- Liner alliances are expected to be redrawn, after Maersk Line and Hapag-Lloyd announced the formation of Gemini Cooperation.
- Maersk Line’s tie-up with Hapag-Lloyd coincides with the ending of the Danish giant’s 2M alliance.
- Hapag-Lloyd will leave THE Alliance, which also comprises HMM, Ocean Network Express (ONE) and Yang Ming.
Shipping pundits are expecting liner alliances to be redrawn, after Maersk Line and Hapag-Lloyd announced on 17 January that they will form Gemini Cooperation in February 2025, reports Container News.
Maersk Line’s tie-up with Hapag-Lloyd coincides with the ending of the Danish giant’s 2M alliance with MSC in January 2025. Thereafter, Hapag-Lloyd will leave THE Alliance, which also comprises HMM, Ocean Network Express (ONE) and Yang Ming.
Alliance will be scrambling to get new members
Simon Sundboell, founder of consultancy eeSea, opined in a LinkedIn post that Hapag-Lloyd, whose capacity is nearly 1.98 million TEUs, is the largest of THE Alliance’s members, and the grouping will not survive without it.
Hapag-Lloyd’s departure means THE Alliance will be left with around 3.3 million TEUs, while Gemini Cooperation will be slightly ahead, with 3.4 million TEUs. Ocean Alliance, made up of CMA CGM, COSCO Shipping Lines and Evergreen Marine Corporation, will be the largest grouping, with over 8.3 million TEUs.
It is likely that the alliance will be scrambling to get new members.
Sundboell noted, “ONE, HMM and Yang Ming are scrambling right now.

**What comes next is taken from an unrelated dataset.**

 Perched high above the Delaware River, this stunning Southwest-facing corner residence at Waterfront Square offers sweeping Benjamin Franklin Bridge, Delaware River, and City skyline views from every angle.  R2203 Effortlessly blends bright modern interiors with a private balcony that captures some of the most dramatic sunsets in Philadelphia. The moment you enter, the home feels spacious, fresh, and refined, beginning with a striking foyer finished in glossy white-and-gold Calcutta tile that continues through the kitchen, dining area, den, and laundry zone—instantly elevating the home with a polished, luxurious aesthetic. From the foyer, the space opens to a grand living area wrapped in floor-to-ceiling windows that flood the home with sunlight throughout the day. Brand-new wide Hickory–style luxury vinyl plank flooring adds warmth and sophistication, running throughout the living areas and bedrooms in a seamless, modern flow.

There’s got to be frantic phone calls between Singapore, Seoul and Taipei as we speak!“
“Even CMA CGM and Cosco will be looking over their shoulders in OCEAN; do they want to snap up the remaining THE Alliance carriers, and if so what’s ‘the price’? Or are we looking at a break-up of OCEAN, too (less likely, but possible)? Will we see a two-alliance world, with MSC on the side? Will this spur another round of M&A activity?”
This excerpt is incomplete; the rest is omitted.